Jon Huntsman, former Utah governor and U.S. ambassador to China:
"President Obama continues to demonstrate that he has no new ideas on how to create American jobs. For two and half years he's been peddling a version of the Buffett tax hike as a key pillar of his failed attempt to tax and spend and regulate this country to prosperity. That simply hasn't worked and it won't work now."
"President Obama's veto threats and partisan demands are a poor attempt to camouflage a $1.5 trillion tax hike that is deeply misguided and the latest example of his ineffective leadership on the economy. The most important thing Congress and the super committee can do is deal with the structural problems that are causing our debt and impeding job creation. Meaningful entitlement reform and revenue-neutral tax reform should be Priority No. 1. Tax increases should not make the list."

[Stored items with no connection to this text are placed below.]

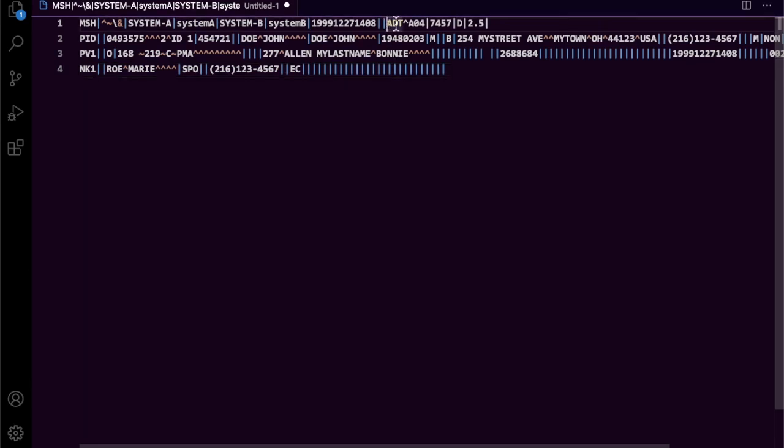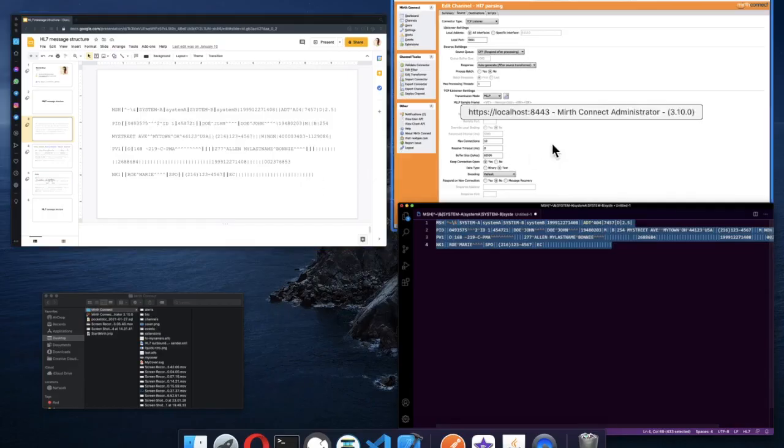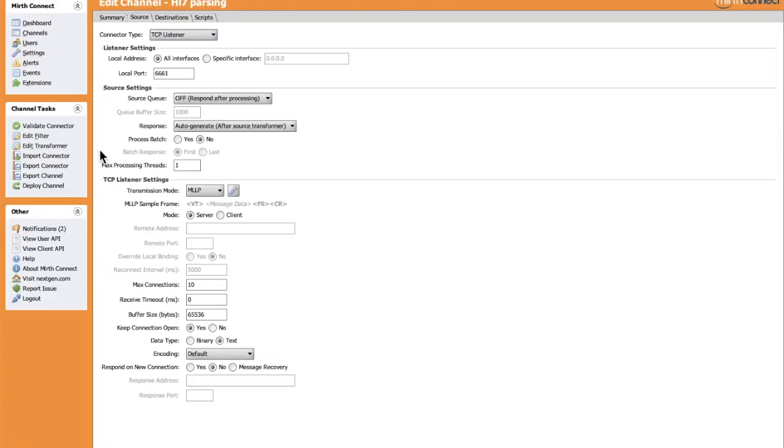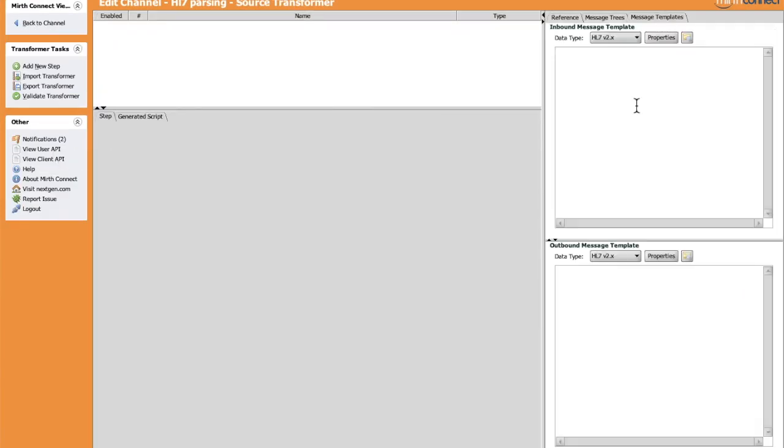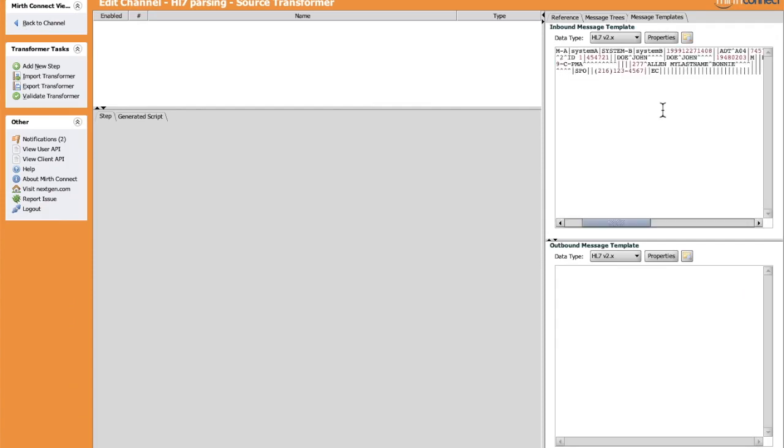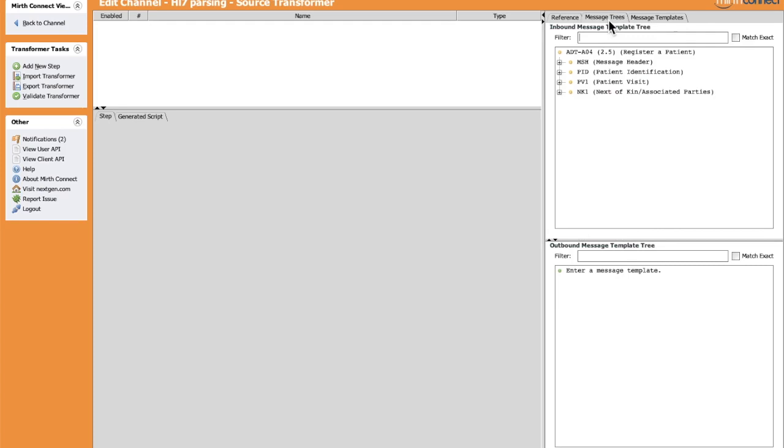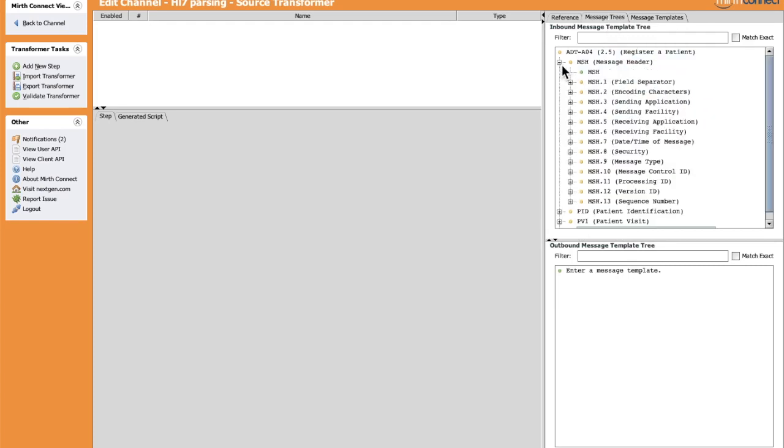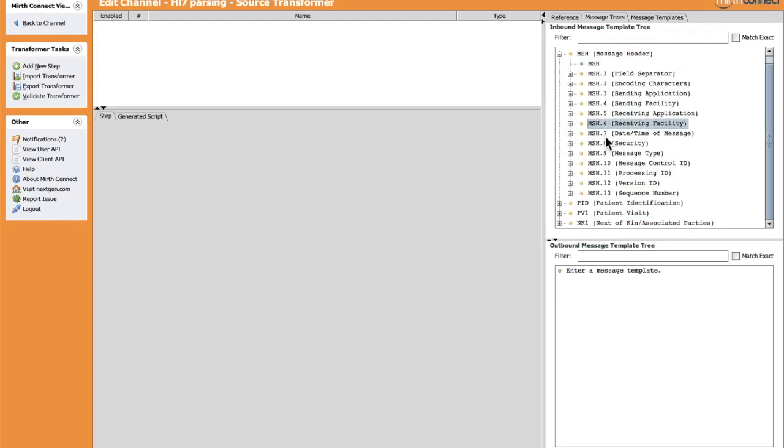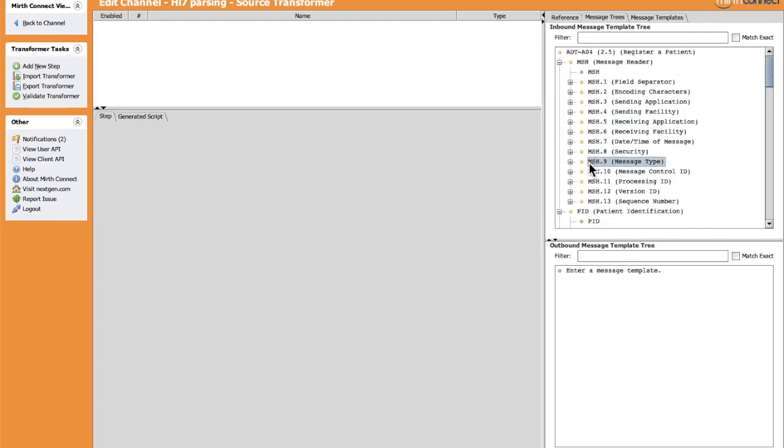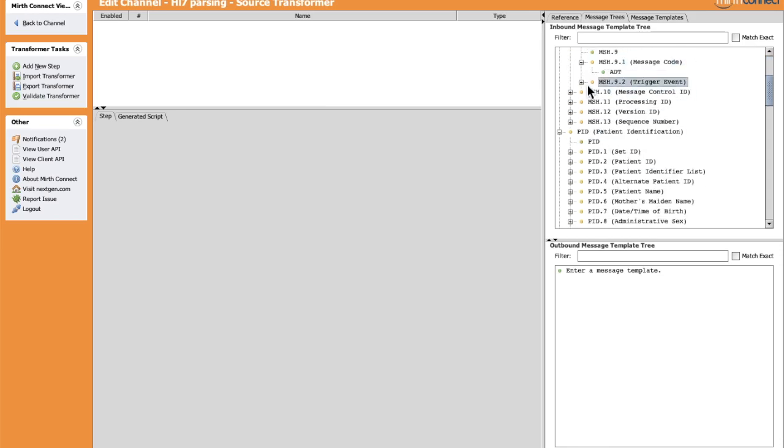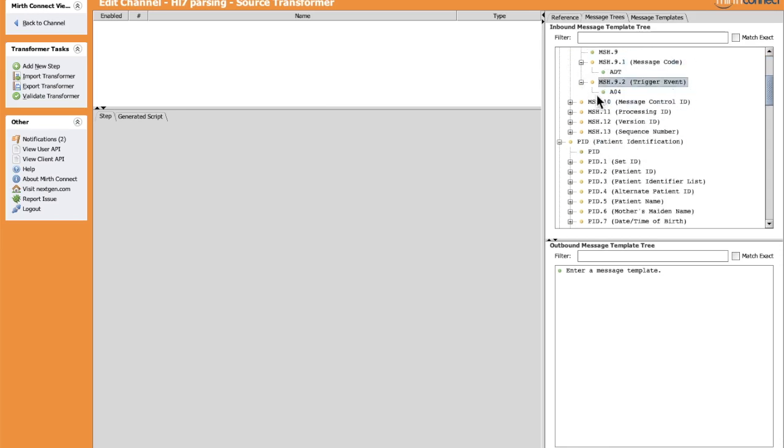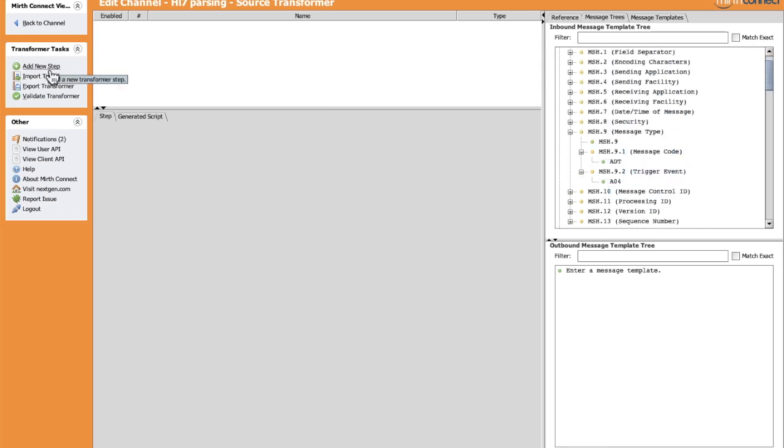Let's take this ADT A04 as an example. Let's edit the transformer. In the message template here, let's paste our template we saw before. Let's switch to Message Trees. Our message is well structured as we saw in the HL7 structure message video. The message type - MSH-9.1 is ADT, MSH-9.2 is A04. We're going to create a new step here.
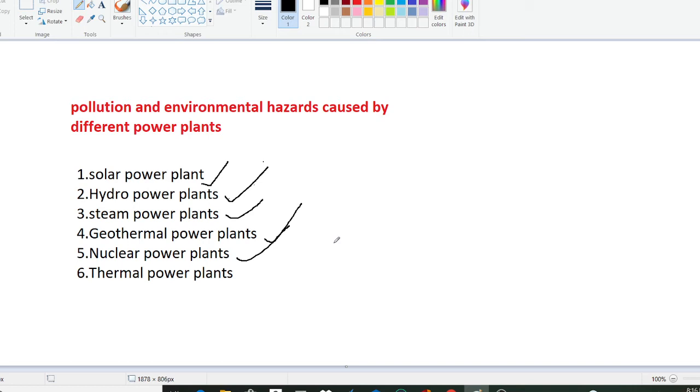A major environmental concern related to nuclear power plants is the creation of radioactive waste such as uranium mill tailings, spent reactor fuel and other radioactive waste. Due to nuclear power plants, it can cause water pollution. Sometimes nuclear power plants at high doses, ionizing radiation can cause immediate damage to persons' bodies and can cause security threats.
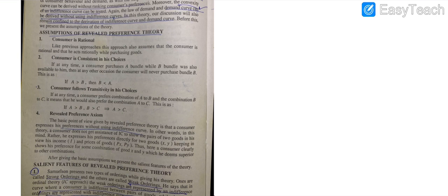The fourth assumption is the Revealed Preference Axiom. What is the importance of this theory? The main point of Samuelson's theory is that he reveals the preferences of the consumer without using the indifference curve. The indifference curve is a curve which is convex to the origin, but Samuelson is not using that indifference curve — this is the most important point of the Samuelson theory.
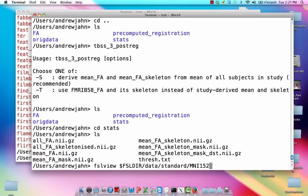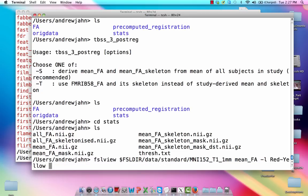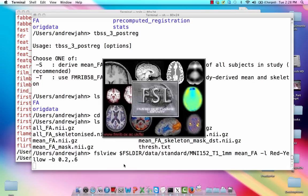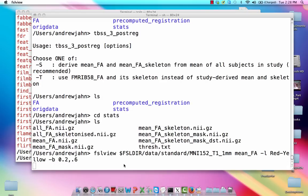So I'm going to use the MNI 152 T1. That's a good template. That's a space that was registered to, so we should be able to see it there. And I'm going to use the color scheme of red minus yellow, which is just like a heat map. And the boundaries of the intensity is 0.2 to 0.6 is pretty good.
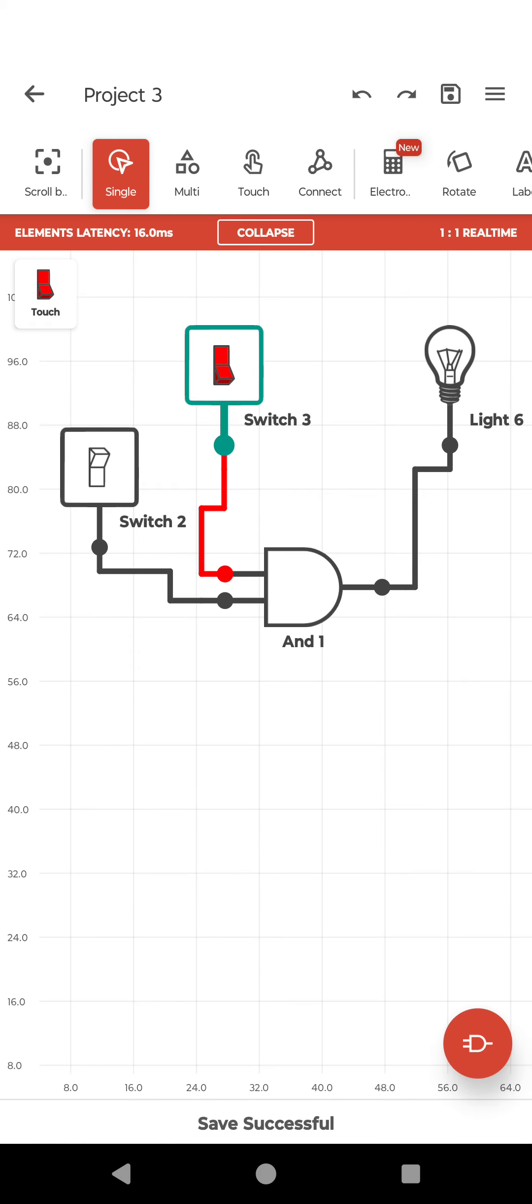Now 0, 1, lamp is off. 1, 1, lamp is on.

Michele Bachmann, Republican House member from Minnesota:
"The president's plan to raise taxes on the American people is the wrong policy to create economic growth and jobs and shows he doesn't understand how to turn our economy around.... The president's gimmicks and tax increases on the backs of small business and the middle class won't grow our economy. Only permanent fixes will. The president should allow for repatriation of American money overseas, truly reform the entire tax code so it is fairer and flatter on all Americans, and get rid of job-killing regulations, including on the energy sector, which will create millions of jobs.
"If Warren Buffett believes he doesn't pay enough taxes, then he should write a check today to the Treasury, but he and the president shouldn't enact warfare on the millions of small businesses, on charities and on middle-class America with increased tax burdens. The president is ... ruining the American economy."
Ron Paul, Republican House member from Texas:
"President Obama's job-creation and deficit-reduction plan will do nothing to combat joblessness or reduce the crushing debt that the federal government has accumulated and is still accumulating. That's because when the president starts targeting the so-called rich, he's really targeting small-business owners, so ultimately he's threatening the little guy. The president's plan, then, will result in a fatal broadside to the national economy from Main Street on down.
"A $1.5 trillion tax hike will do nothing to help us out of this mess we're in, and will more than likely create more problems, lead to less investment, and cause more job loss.... We must reduce spending; instead they pretend that the budget can be balanced and prosperity restored by increasing spending and taxes. Instead of raising taxes, this administration should cut corporate welfare, foreign welfare, and end the trillion-dollar overseas wars by bringing troops home."